Random flashing banner advertisements may not get a second click when customers are browsing the Internet. But using a bank's customer profiles, along with information gleaned from customer on-line accounts and transactions, to deliver targeted

advertising when customers log-on to the bank could boost cross-sales and, finally, support a revenue model for on-line banking, says Daniel M. Schley, chairman and CEO of Home Financial Network.

HFN is beta testing its Integrated Marketing System, for use with its Home ATM and Internet ATM applications, that promises to deliver targeted marketing campaigns for banks that are much more successful than traditional attempts at cross-selling.

HFN says it has 28 bank clients, including six Integrion banks. At least four are planning to use the Integrated Marketing System when it's launched in the first quarter, says Schley, who declined to name his clients. The product price includes a one-time license fee and monthly maintenance charges.

Schley says the system was developed in response to customers who a year ago desperately needed to be in the on-line marketplace at any cost, but are now getting anxious about producing revenue. "What we're finding is there's a great deal of scrutiny now, not only on the economics of home banking, but also specifically with respect to generating (revenue) or turning home banking into a profitable channel."
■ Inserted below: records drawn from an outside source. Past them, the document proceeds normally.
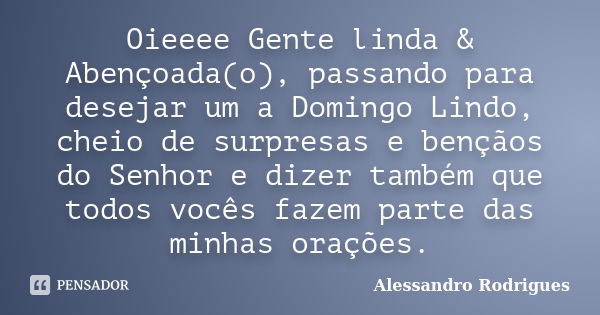 Oieeee Gente linda & Abençoada(o), passando para desejar um a Domingo Lindo, cheio de surpresas e bençãos do Senhor e dizer também que todos vocês fazem par... Frase de Alessandro Rodrigues.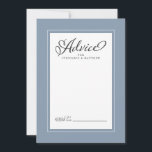 Tarjeta De Consejos Elegante boda recién casada Deseos de la turbia fr<br><div class="desc">Elegante Boda de recién casados Consejos de Deseos en el diseño de boda Azul Dusty cuenta con un hermoso borde de moda en azul polvoriento que incluye un elegante borde blanco pequeño. La caligrafía y el guión son de color gris carbón sobre fondo blanco y complementan el diseño único del...</div>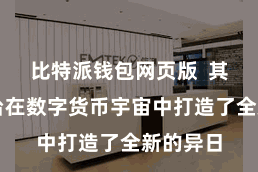 比特派钱包网页版  其生态平台在数字货币宇宙中打造了全新的异日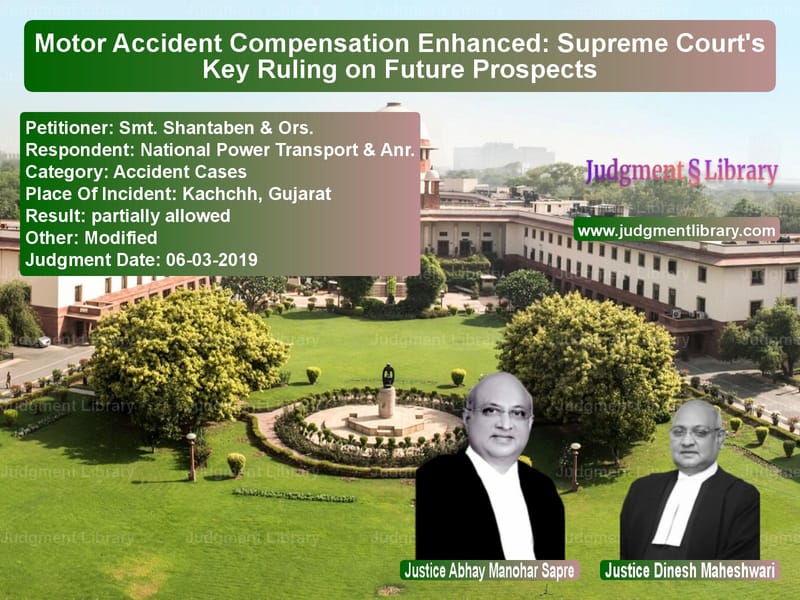 Featured image for Supreme Court Judgment dated 06-03-2019 in case of petitioner name Smt. Shantaben & Ors. vs National Power Transport & Anr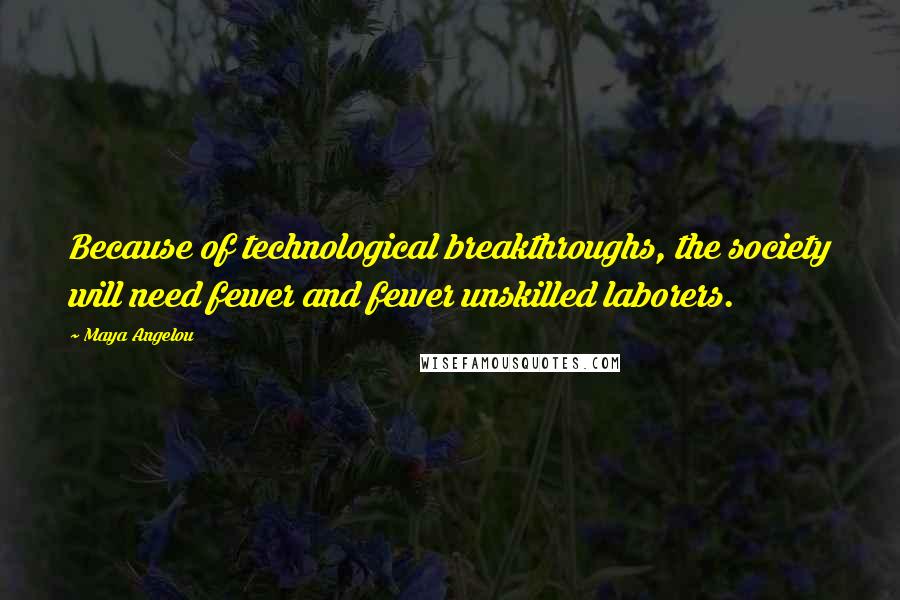 Maya Angelou Quotes: Because of technological breakthroughs, the society will need fewer and fewer unskilled laborers.
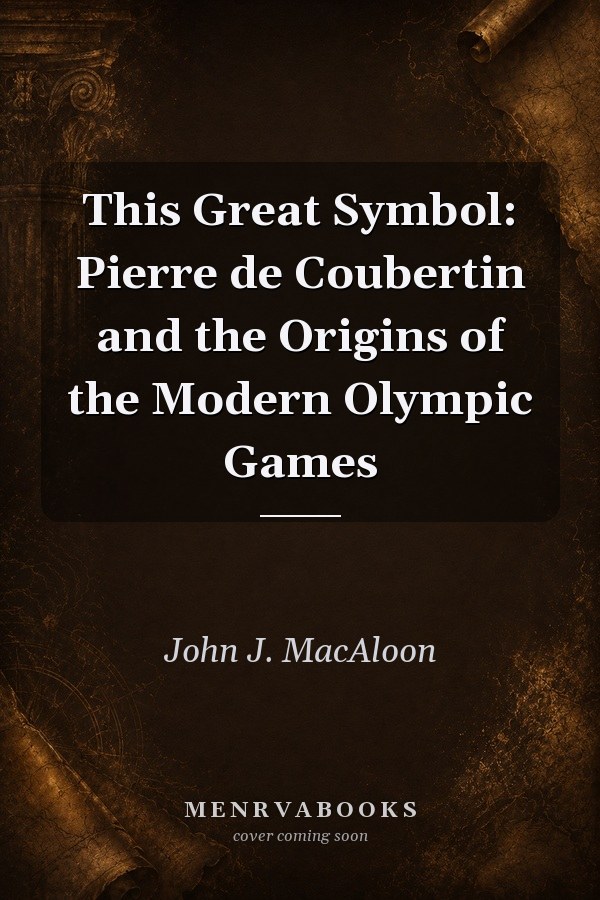 This Great Symbol: Pierre de Coubertin and the Origins of the Modern Olympic Games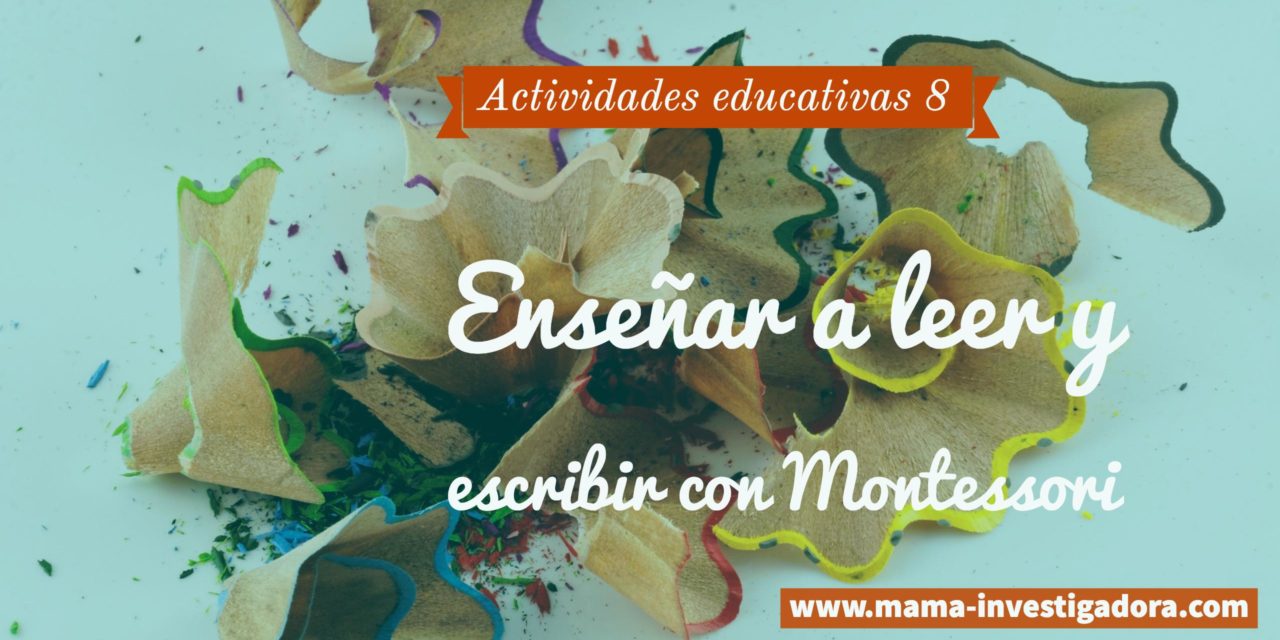 Enseñar a leer y escribir con Montessori – Actividades educativas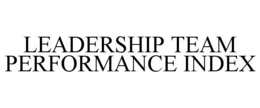 LEADERSHIP TEAM PERFORMANCE INDEX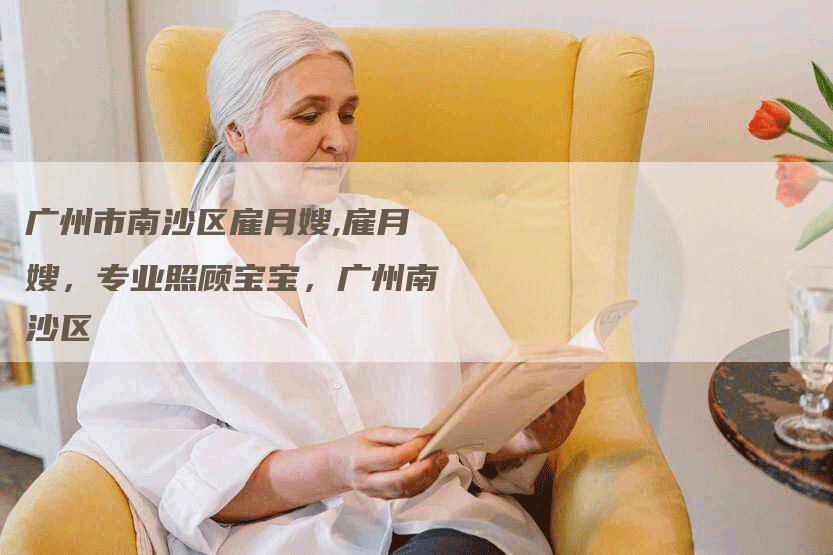 广州市南沙区雇月嫂,雇月嫂，专业照顾宝宝，广州南沙区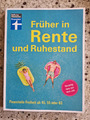 Früher in Rente und Ruhestand : Finanzielle Freiheit usw.  Buch in gutem Zustand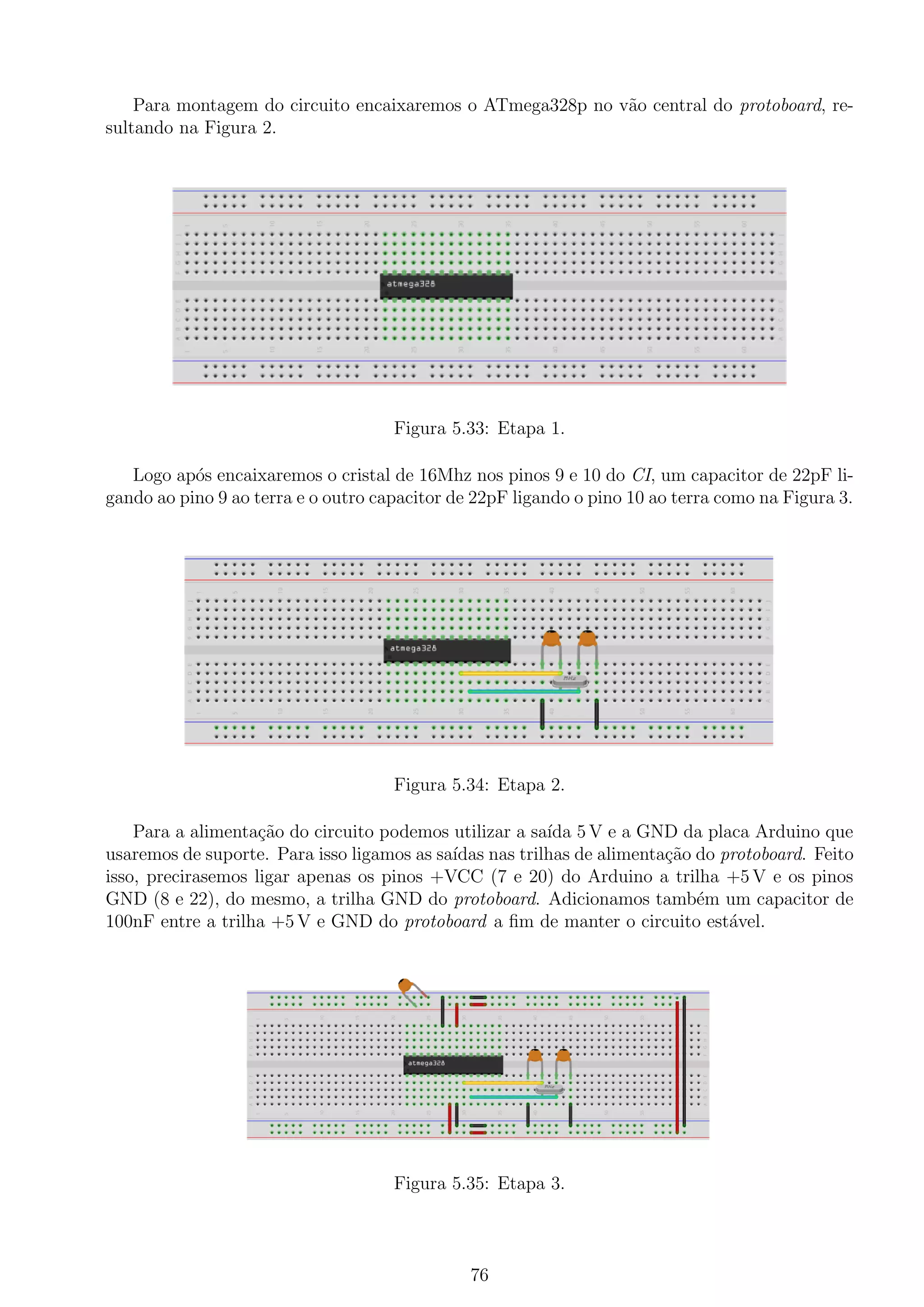 Para montagem do circuito encaixaremos o ATmega328p no v˜ao central do protoboard, re-
sultando na Figura 2.
Figura 5.33: Etapa 1.
Logo ap´os encaixaremos o cristal de 16Mhz nos pinos 9 e 10 do CI, um capacitor de 22pF li-
gando ao pino 9 ao terra e o outro capacitor de 22pF ligando o pino 10 ao terra como na Figura 3.
Figura 5.34: Etapa 2.
Para a alimenta¸c˜ao do circuito podemos utilizar a sa´ıda 5 V e a GND da placa Arduino que
usaremos de suporte. Para isso ligamos as sa´ıdas nas trilhas de alimenta¸c˜ao do protoboard. Feito
isso, precirasemos ligar apenas os pinos +VCC (7 e 20) do Arduino a trilha +5 V e os pinos
GND (8 e 22), do mesmo, a trilha GND do protoboard. Adicionamos tamb´em um capacitor de
100nF entre a trilha +5 V e GND do protoboard a ﬁm de manter o circuito est´avel.
Figura 5.35: Etapa 3.
76
 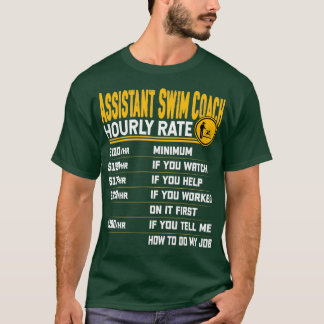 Assistant Swim Coach Hourly Rate Swimming Swimmer T-Shirt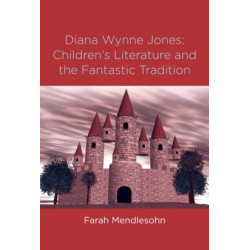 Diana Wynne Jones: The Fantastic Tradition and Children's Literature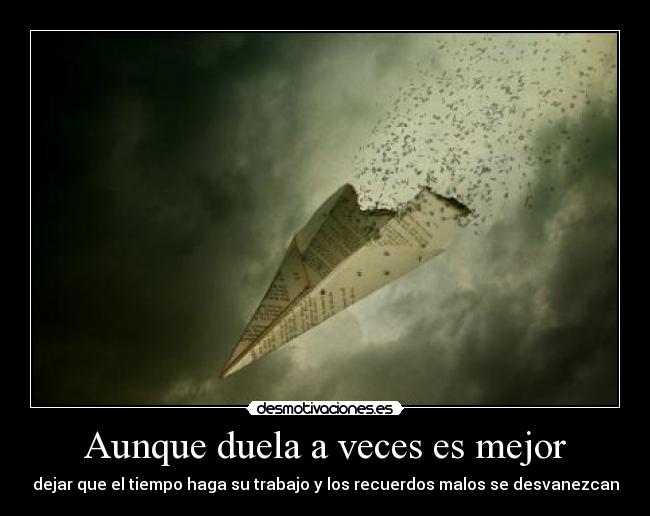 Aunque duela a veces es mejor -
Experts in on-line advertising say that targeting is the key to increasing the "click-through" rates of Internet banner advertisements- currently the most common measure of success. Evan Neufeld, senior analyst in on-line advertising at Jupiter Communications in New York, says one company was able to increase click-through rates from the standard one-to- two percent to 50 percent with targeted ads. "The preliminary indications seem to be that targeting, whether it's targeting by context or targeting by kind of third-party technologies, really raises click-throughs much beyond what they are normally and what they would be in other analogous mediums like direct mail."